Apply the KCL at the node $v_{\text{A}}$ .

  $\begin{array}{l}{i}_{\text{S}}-\frac{v_{\text{A}}-v_{\text{C}}}{R_5}-\frac{v_{\text{A}}-v_{\text{B}}}{R_1}=0\\ \frac{v_{\text{A}}-v_{\text{C}}}{R_5}+\frac{v_{\text{A}}-v_{\text{B}}}{R_1}=i_{\text{S}}\\ v_{\text{A}}\left(\frac{1}{R_5}+\frac{1}{R_1}\right)-v_{\text{B}}\left(\frac{1}{R_1}\right)-v_{\text{C}}\left(\frac{1}{R_5}\right)=i_{\text{S}}\end{array}$ ....... (1)

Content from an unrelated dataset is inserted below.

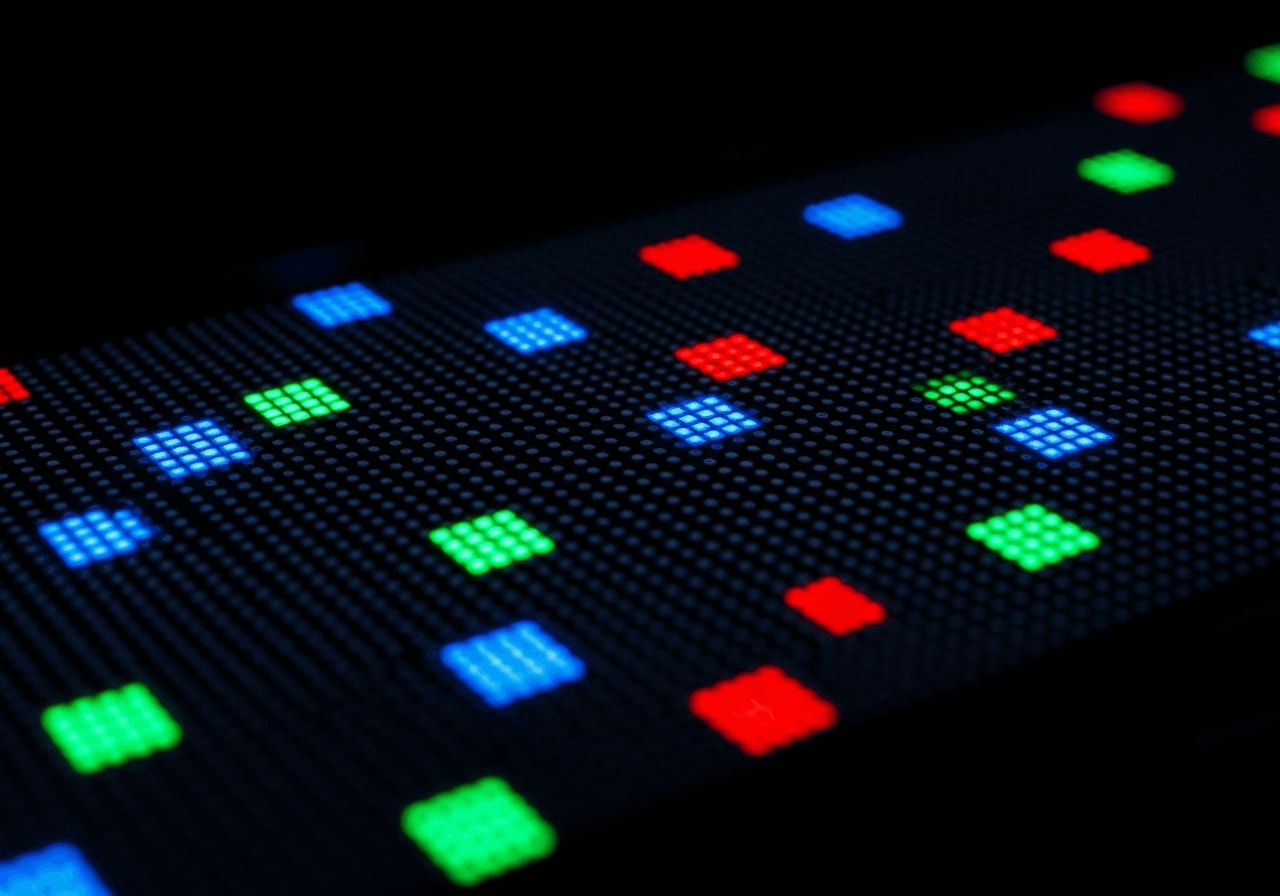 Aufnahme der leuchtenden RGB-Pixel eines OLED-Panels zur Veranschaulichung der Farbdarstellung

Apply the KCL at the node $v_{\text{B}}$ .

  $\begin{array}{l}\frac{v_{\text{A}}-v_{\text{B}}}{R_1}-\frac{v_{\text{B}}-v_{\text{C}}}{R_3}-\frac{v_{\text{B}}}{R_2}=0\\ v_{\text{B}}\left(\frac{1}{R_1}+\frac{1}{R_2}+\frac{1}{R_3}\right)-v_{\text{A}}\left(\frac{1}{R_1}\right)-v_{\text{C}}\left(\frac{1}{R_3}\right)=0\\ -v_{\text{A}}\left(\frac{1}{R_1}\right)+v_{\text{B}}\left(\frac{1}{R_1}+\frac{1}{R_2}+\frac{1}{R_3}\right)-v_{\text{C}}\left(\frac{1}{R_3}\right)=0\end{array}$ ....... (2)

Apply the KCL at the node $v_{\text{C}}$ .

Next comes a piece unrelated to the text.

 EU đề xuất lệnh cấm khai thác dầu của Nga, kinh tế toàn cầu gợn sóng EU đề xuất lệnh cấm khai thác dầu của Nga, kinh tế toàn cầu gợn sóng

  $\begin{array}{l}\frac{v_{\text{B}}-v_{\text{C}}}{R_3}+\frac{v_{\text{A}}-v_{\text{C}}}{R_5}-\frac{v_{\text{C}}}{R_4}=0\\ -v_{\text{C}}\left(\frac{1}{R_3}+\frac{1}{R_4}+\frac{1}{R_5}\right)+v_{\text{A}}\left(\frac{1}{R_5}\right)+v_{\text{B}}\left(\frac{1}{R_3}\right)=0\\ -v_{\text{A}}\left(\frac{1}{R_5}\right)-v_{\text{B}}\left(\frac{1}{R_3}\right)+v_{\text{C}}\left(\frac{1}{R_3}+\frac{1}{R_4}+\frac{1}{R_5}\right)=0\end{array}$ ....... (3)

Arrange the Equation (1), (2) and (3) in the matrix form.

  $\left[\begin{array}{ccc}\frac{1}{R_5}+\frac{1}{R_1}& -\frac{1}{R_1}& -\frac{1}{R_5}\\ -\frac{1}{R_1}& \frac{1}{R_1}+\frac{1}{R_2}+\frac{1}{R_3}& -\frac{1}{R_3}\\ -\frac{1}{R_5}& -\frac{1}{R_3}& \frac{1}{R_3}+\frac{1}{R_4}+\frac{1}{R_5}\end{array}\right]+\left[\begin{array}{c}{v}_{\text{A}}\\ v_{\text{B}}\\ v_{\text{C}}\end{array}\right]=\left[\begin{array}{c}{i}_{\text{S}}\\ 0\\ 0\end{array}\right]$

Conclusion:

Therefore, the required node voltage equation in the form of matrix is $\left[\begin{array}{ccc}\frac{1}{R_5}+\frac{1}{R_1}& -\frac{1}{R_1}& -\frac{1}{R_5}\\ -\frac{1}{R_1}& \frac{1}{R_1}+\frac{1}{R_2}+\frac{1}{R_3}& -\frac{1}{R_3}\\ -\frac{1}{R_5}& -\frac{1}{R_3}& \frac{1}{R_3}+\frac{1}{R_4}+\frac{1}{R_5}\end{array}\right]+\left[\begin{array}{c}{v}_{\text{A}}\\ v_{\text{B}}\\ v_{\text{C}}\end{array}\right]=\left[\begin{array}{c}{i}_{\text{S}}\\ 0\\ 0\end{array}\right]$ .